PROBLEM: Return, without pictures, the lines from the start of the data through the one that contains "Hot sell classic".

INPUT FOR THIS TASK:
---*---

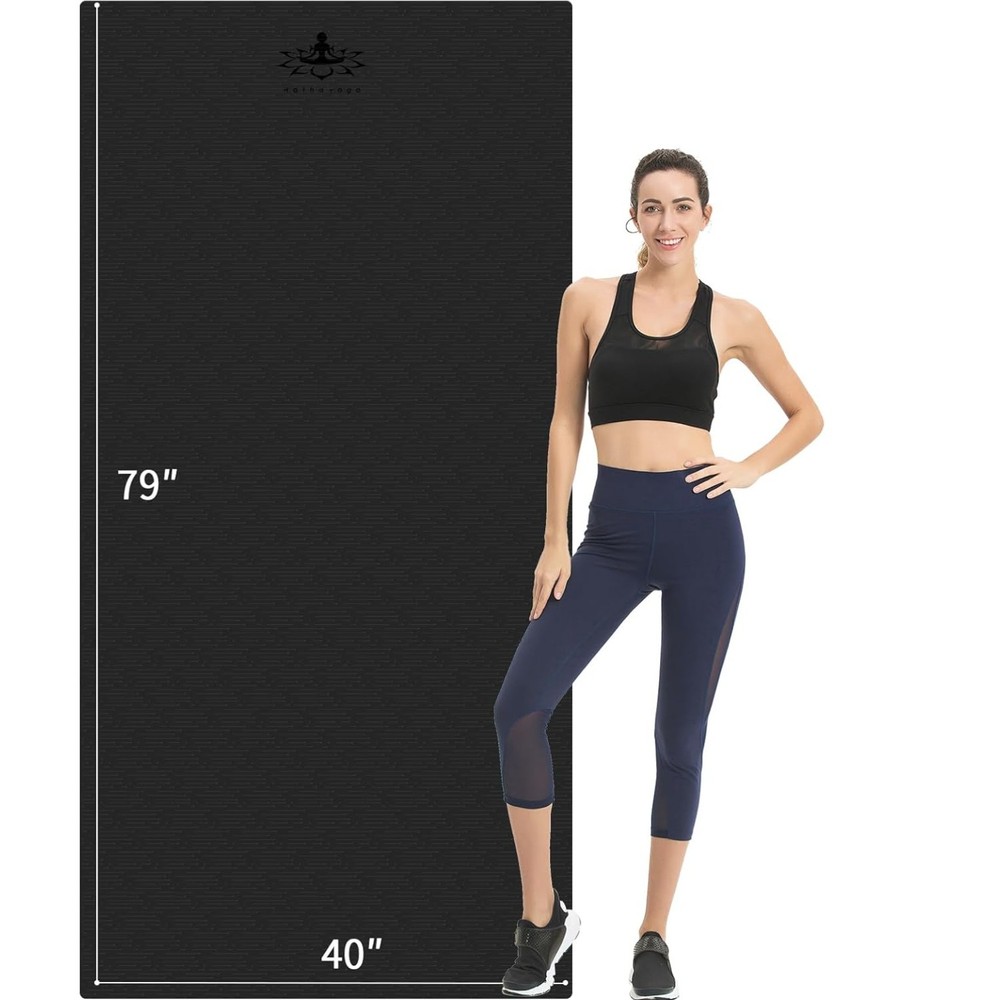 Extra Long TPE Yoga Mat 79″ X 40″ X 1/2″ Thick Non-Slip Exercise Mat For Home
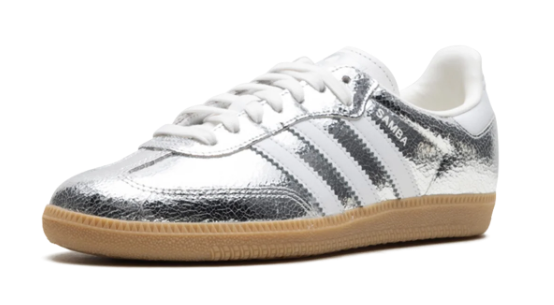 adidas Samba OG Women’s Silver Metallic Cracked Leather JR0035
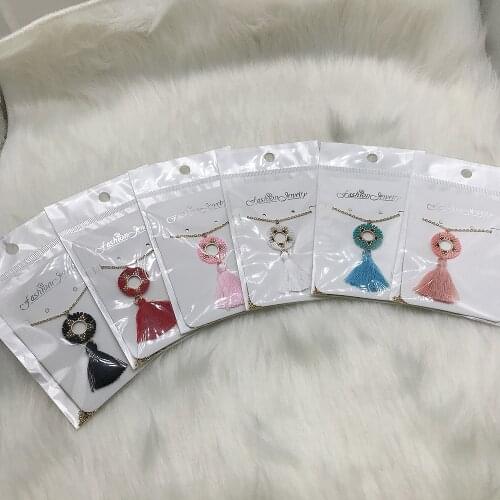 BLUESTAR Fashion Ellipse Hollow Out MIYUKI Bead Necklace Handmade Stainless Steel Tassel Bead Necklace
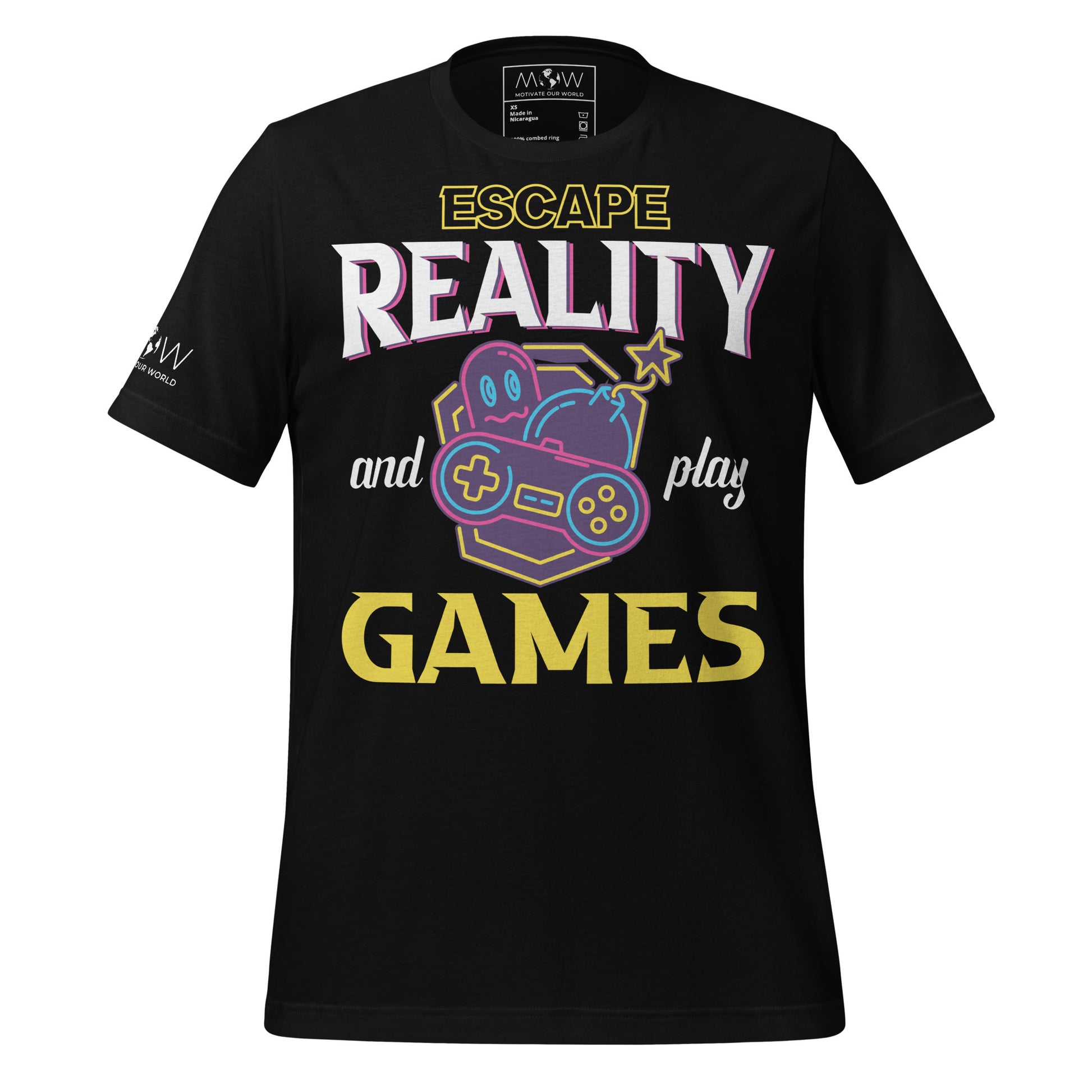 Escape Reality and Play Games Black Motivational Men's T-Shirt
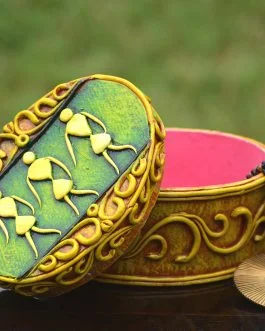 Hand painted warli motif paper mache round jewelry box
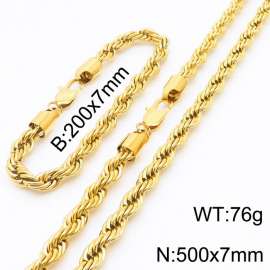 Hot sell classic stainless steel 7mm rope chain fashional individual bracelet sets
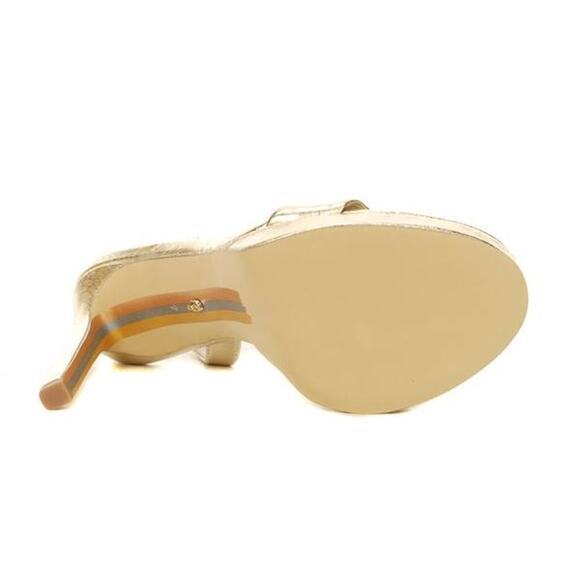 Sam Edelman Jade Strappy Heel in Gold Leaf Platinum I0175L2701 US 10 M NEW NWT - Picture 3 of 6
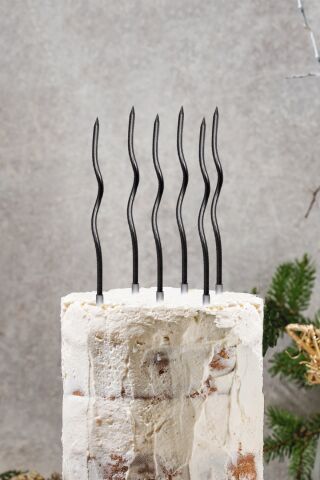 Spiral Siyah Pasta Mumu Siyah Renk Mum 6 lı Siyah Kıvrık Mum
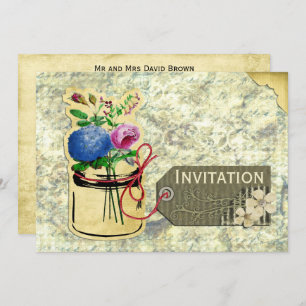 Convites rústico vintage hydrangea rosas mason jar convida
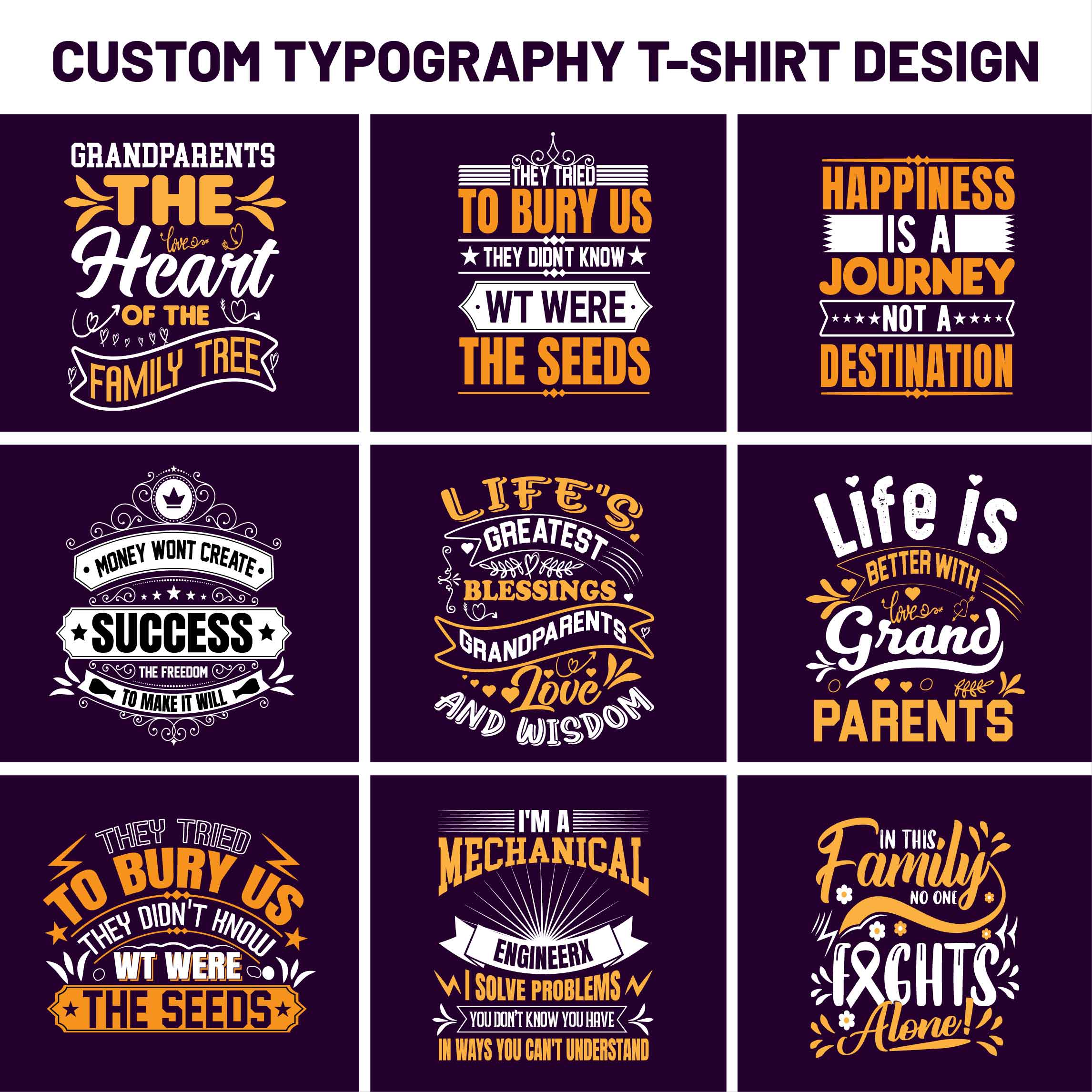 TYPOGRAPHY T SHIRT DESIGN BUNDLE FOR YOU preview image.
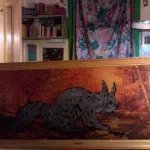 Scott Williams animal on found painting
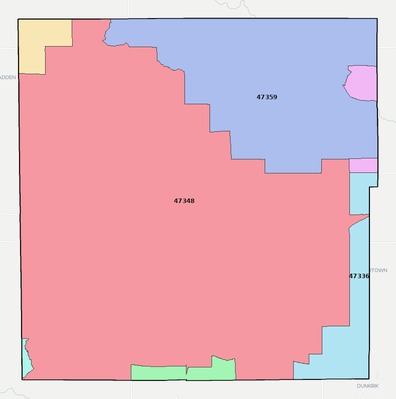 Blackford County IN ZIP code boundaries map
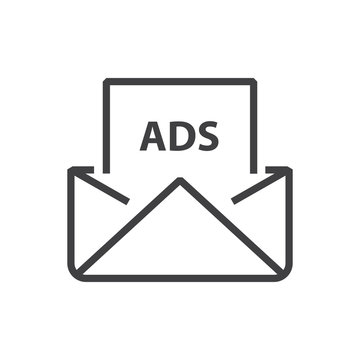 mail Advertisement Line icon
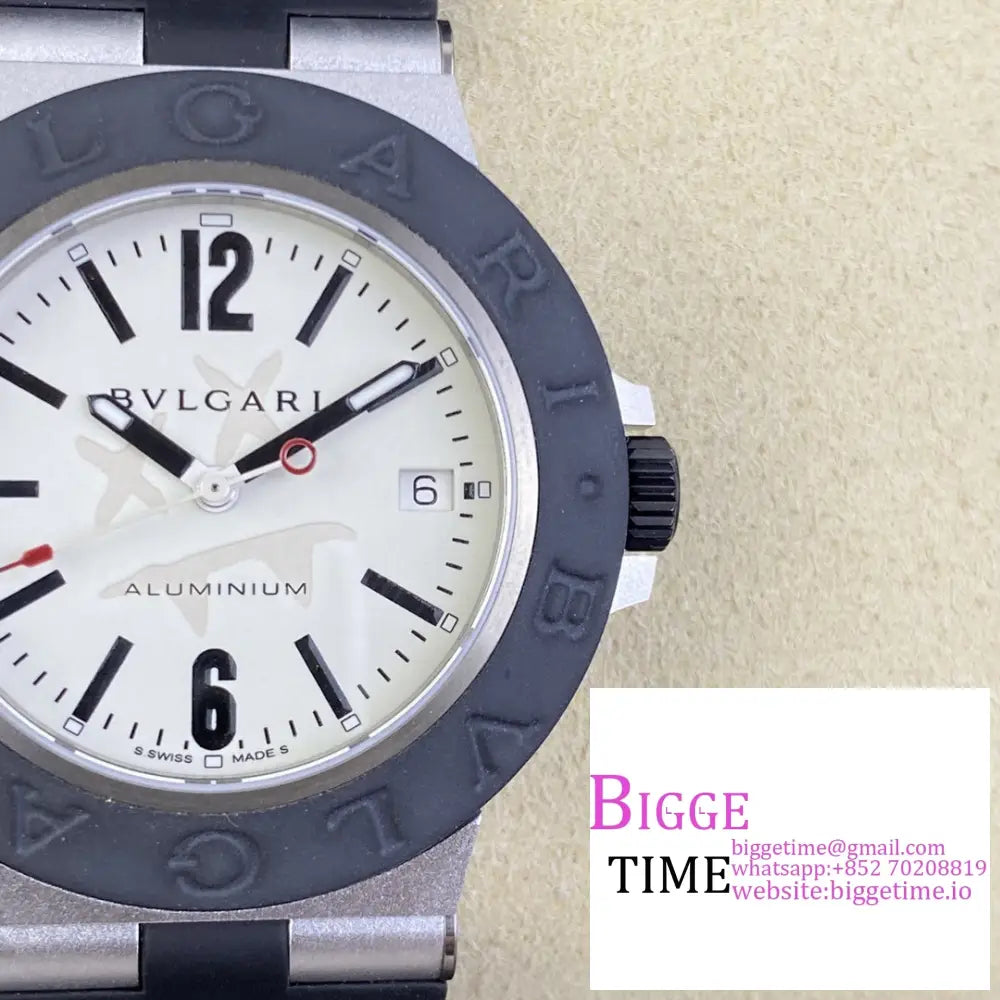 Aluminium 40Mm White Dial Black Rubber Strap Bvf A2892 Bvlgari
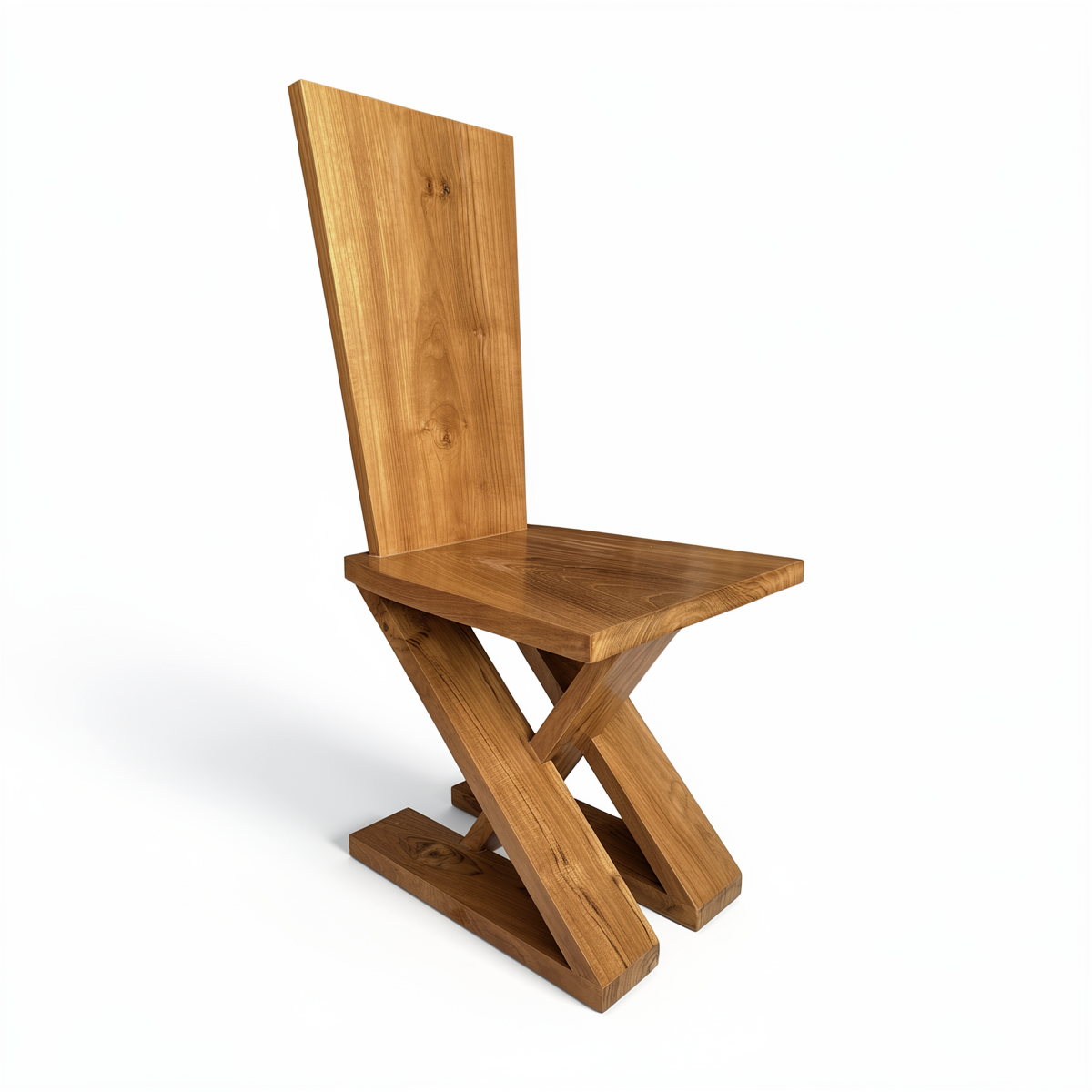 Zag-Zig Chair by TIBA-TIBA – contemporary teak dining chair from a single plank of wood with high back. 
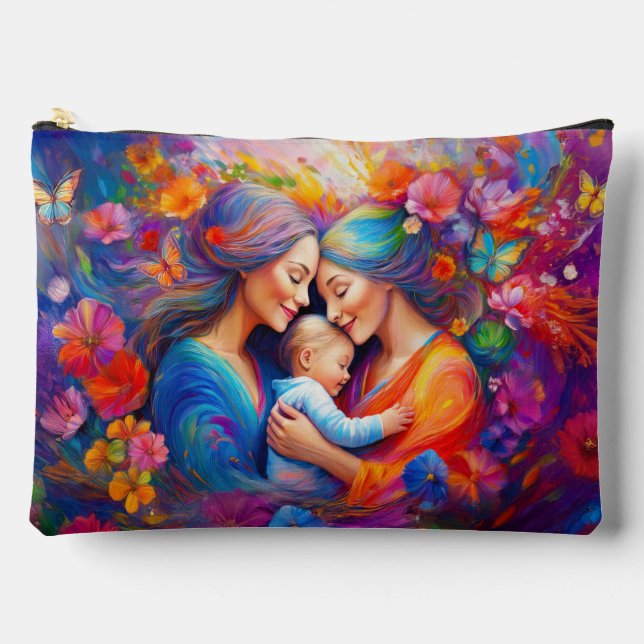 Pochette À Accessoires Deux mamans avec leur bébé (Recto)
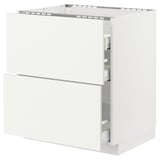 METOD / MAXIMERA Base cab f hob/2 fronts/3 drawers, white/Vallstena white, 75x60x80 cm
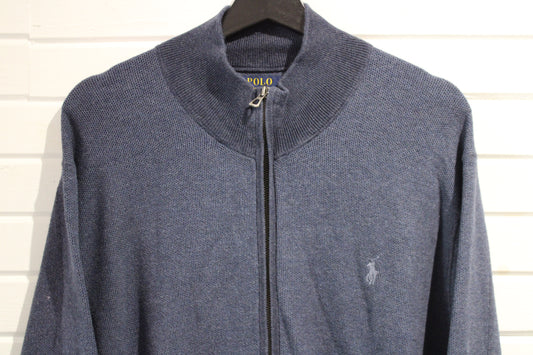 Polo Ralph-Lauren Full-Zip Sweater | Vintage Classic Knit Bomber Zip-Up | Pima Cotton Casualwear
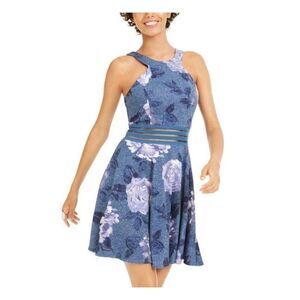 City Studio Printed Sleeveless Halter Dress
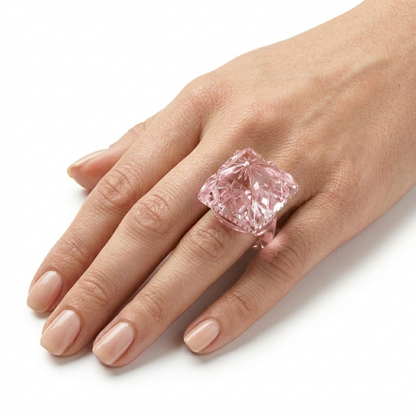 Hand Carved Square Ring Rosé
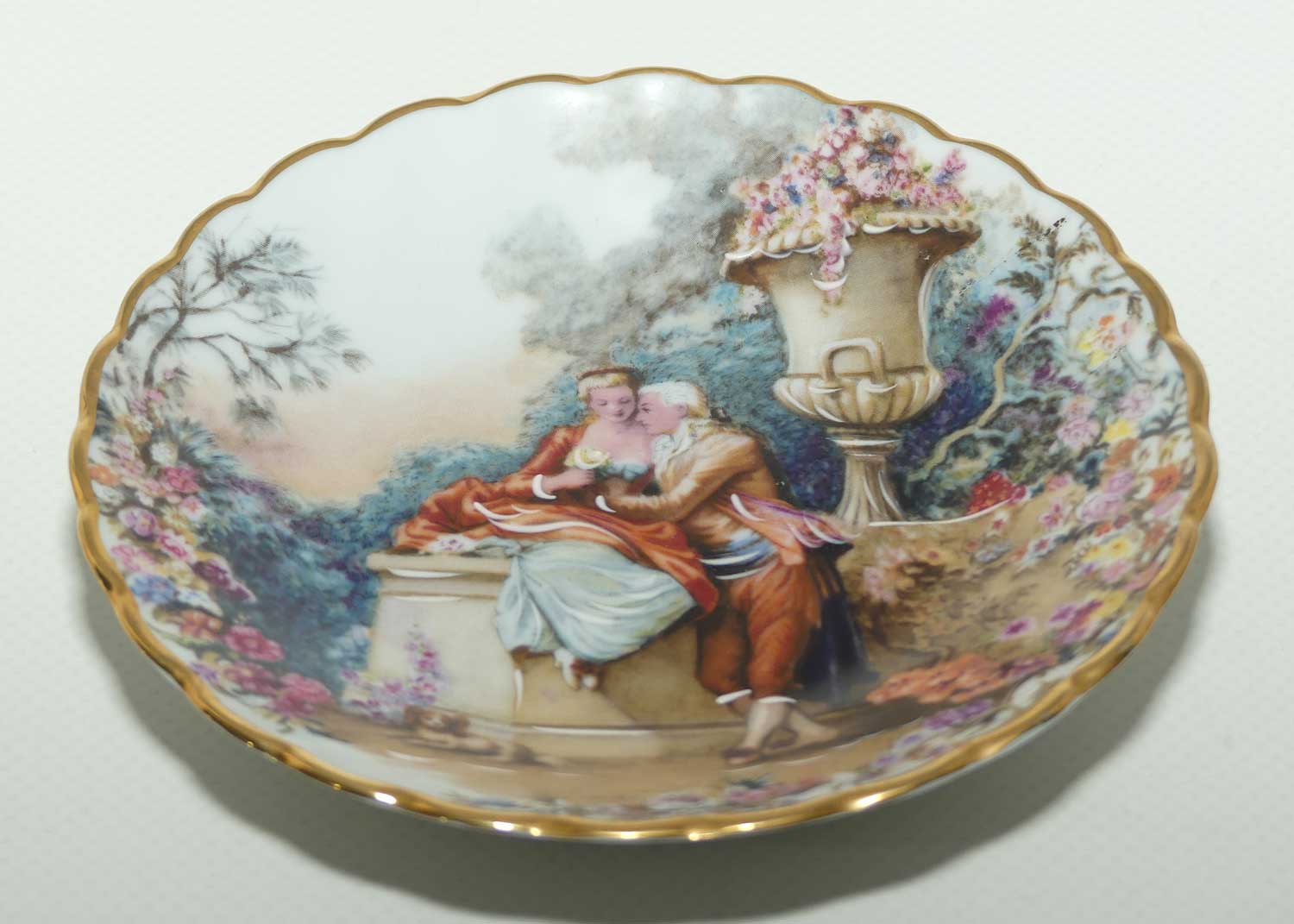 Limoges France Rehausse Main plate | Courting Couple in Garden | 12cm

---*---

OUTPUT OF THE TASK:
 Extra Long TPE Yoga Mat 79″ X 40″ X 1/2″ Thick Non-Slip Exercise Mat For Home
 adidas Samba OG Women’s Silver Metallic Cracked Leather JR0035
 BLUESTAR Fashion Ellipse Hollow Out MIYUKI Bead Necklace Handmade Stainless Steel Tassel Bead Necklace
 Escape Reality and Play Games Black Motivational Men's T-Shirt
 Hand painted warli motif paper mache round jewelry box
 Hot sell classic stainless steel 7mm rope chain fashional individual bracelet sets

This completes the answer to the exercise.